To say "simply and very obviously wrong" is not proof that you are right.

Well, as it's more than ample proof that you're wrong, that's good enough for me!

10 minutes ago, Fester said:

"What do you think the coalition troops were doing before, that required so many of them - having a picnic"? Your condecension is endless. I said a total of 25k and that the mission was new. 

Well, all condescension aside, it doesn't really matter what you said if that's how many troops it took - unless they were having a picnic, of course.

12 minutes ago, Fester said:

"The Afghan forces weren't interested once they saw the writing on the wall". Probably largely correct but again this is your unproven view.

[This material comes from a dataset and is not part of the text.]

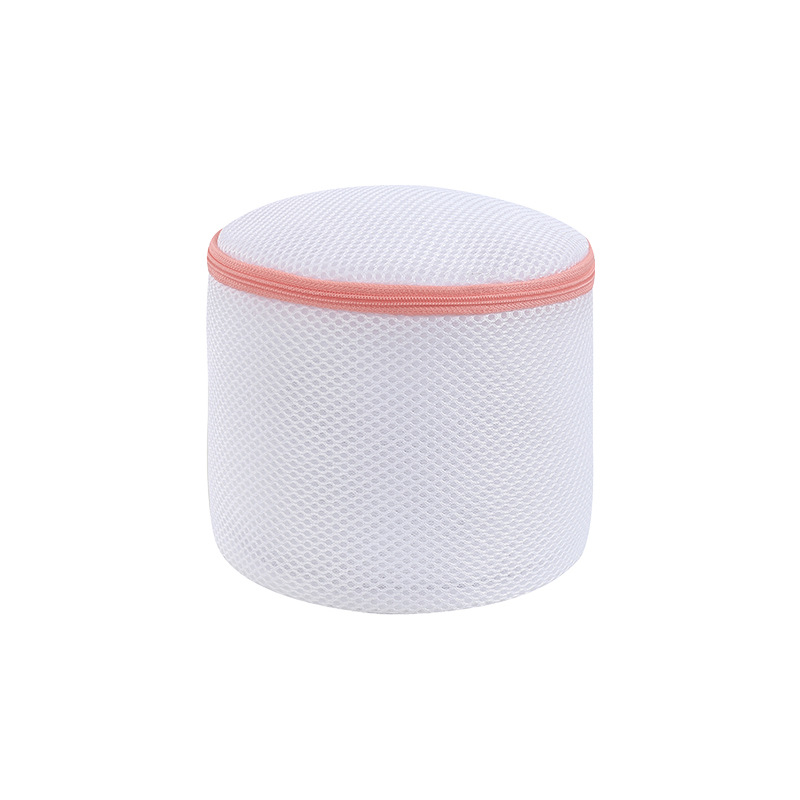 Household bra laundry bag washing machine specific underwear mesh bag bra bag protective washing bag thickened bra cleaning mesh bag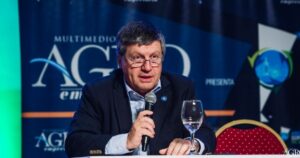 Macri sostiene al denunciado presidente del Mercado Central que se aferra al cargo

Well, no  - it's actually very well proven as it's a very easily verifiable fact.

13 minutes ago, Fester said:

There were obviously element that did fight and still are fighting.

Not "to put their lives on the line for the Americans who were deserting them" there weren't!

 

17 minutes ago, Fester said:

There were "trainers" in country" (RSM) and other troops this year but NATO planned to move most out from May (over a few months).

Maybe you need a visit to SpecSavers, or a calendar.  May was "months before the withdrawal"!

20 minutes ago, Fester said:

Simple maths will tell you that 18,000 would have been just the US contingent.

No it won't!

It's double the coalition forces that were in country!

22 minutes ago, Fester said:

If enough strategic territory plus Bagram had been secure by existing forces (snip) ...

But it couldn't!

The existing forces were force protection, as I've tried to explain, plus a few SF, whose job was already taken up with ... well ... force protection.

If you'd taken them away from that role / TAOR to secure other "strategic territory" then they couldn't have been doing their original job in their origional TAOR. Unless they were on holiday, they couldn't do both jobs - it's not physically possible.

27 minutes ago, Fester said:

... , yes,  another "ten or twenty thousand" troops could have been inserted.

Yes, they could, but it wouldn't have been enough - it would have gone nowhere - unless those there before were on holiday.

28 minutes ago, Fester said:

The US, UK and Australia managed to put 4,000 into Kabul in just a couple of days in August!  

Yes, for a fortnight!  And it took all 4,000 just to secure the airfield, nowhere else, with no opposition at all and the Taliban's active support!

 

31 minutes ago, Fester said:

I have never thought that our troops there were on a holiday, before or after.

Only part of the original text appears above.